O governo do Presidente Bola Ahmed Tinubu não esperou muito tempo após a sua posse, em 29 de Maio, para pôr seu plano contra os trabalhadores nigerianos em ação. O governo simplesmente cancelou o subsídio aos combustíveis, resultando em um aumento ainda maior da inflação, principalmente dos alimentos, num país em que a maioria da população é afetada pela fome.

No início de agosto, o aumento geral dos preços situou-se próximo dos 34 por cento. Há uma semana que os nigerianos organizam manifestações para expressar a sua raiva contra um governo que se declarou na campanha eleitoral a favor da democracia e dos direitos humanos. Seu Partido chama-se, ironicamente, “Congresso de todos os progressistas”.

Em 4 de Agosto, o Presidente Tinubu apelou aos nigerianos para “suspenderem os protestos e criarem espaços de diálogo”. Qual diálogo ele deseja? O Presidente continua defendendo sua política criminosa e afirmou que “as forças da ordem devem continuar a manter a paz, a lei e a ordem no país, em conformidade com as convenções sobre direitos humanos de que a Nigéria é signatária”. Faz parte dessa política a prisão de cerca de 1000 pessoas que participavam dos protestos. “O presidente não abordou questões relacionadas a como combater a fome no país, a única coisa que disse é que está disposto a dialogar com os manifestantes. Por mais nobre que pareça, não é suficiente”, acrescentou um dos manifestantes.
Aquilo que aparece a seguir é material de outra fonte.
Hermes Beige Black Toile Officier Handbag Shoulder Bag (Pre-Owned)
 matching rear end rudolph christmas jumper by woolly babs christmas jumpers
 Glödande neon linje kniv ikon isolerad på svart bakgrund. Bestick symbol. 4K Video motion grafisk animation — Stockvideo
O mais interessante é que a Nigéria se colocou, no governo anterior, contra as revoluções havidas no Níger, Mali e Burkina Faso, como líder da Comunidade Econômica da África Ocidental. Ameaçou inclusive invadir esses países militarmente. No Níger, os manifestantes saíram às ruas para comemorar o movimento dos militares e ostentavam cartazes expressando seu ódio à França e simpatia pela Rússia.
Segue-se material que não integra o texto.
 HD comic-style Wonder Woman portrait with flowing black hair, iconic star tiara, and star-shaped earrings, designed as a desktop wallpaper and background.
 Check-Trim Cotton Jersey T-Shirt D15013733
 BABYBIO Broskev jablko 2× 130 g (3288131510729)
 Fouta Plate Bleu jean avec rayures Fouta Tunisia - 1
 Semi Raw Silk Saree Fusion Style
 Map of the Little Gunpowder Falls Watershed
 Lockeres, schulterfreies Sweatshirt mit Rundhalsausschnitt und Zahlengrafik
Agora, nas manifestações dos nigerianos, pelo menos 30 dos detidos foram acusados de portarem bandeiras russas. Vários deles eram alfaiates do estado de Kano, acusados de confeccionar bandeiras para os manifestantes, como informou o serviço de inteligência do país africano.

A economia da Nigéria: a crise criada pelo FMI

Em 31 de Maio, as duas principais Centrais Sindicais da Nigéria, o Congresso Trabalhista Nigeriano (NLC) e o Congresso Sindical (TUC), decidiram declarar uma “greve geral indefinida” para exigir um aumento significativo do salário mínimo e protestar contra a redução generalizada do padrão de vida. A resposta do Governo, como vimos, foi a repressão.

As políticas ultraliberais do governo, consideradas corretas pelo FMI, causaram uma inflação infernal que gerou uma propagação muito rápida da miséria. Em 2023, a inflação anual foi de 30% e apenas no mês de abril de 2024 atingiu 33,6%, o que teve como consequência imediata a fome, pois os nigerianos passaram a ter de suspender o consumo de ovos, carne ou leite.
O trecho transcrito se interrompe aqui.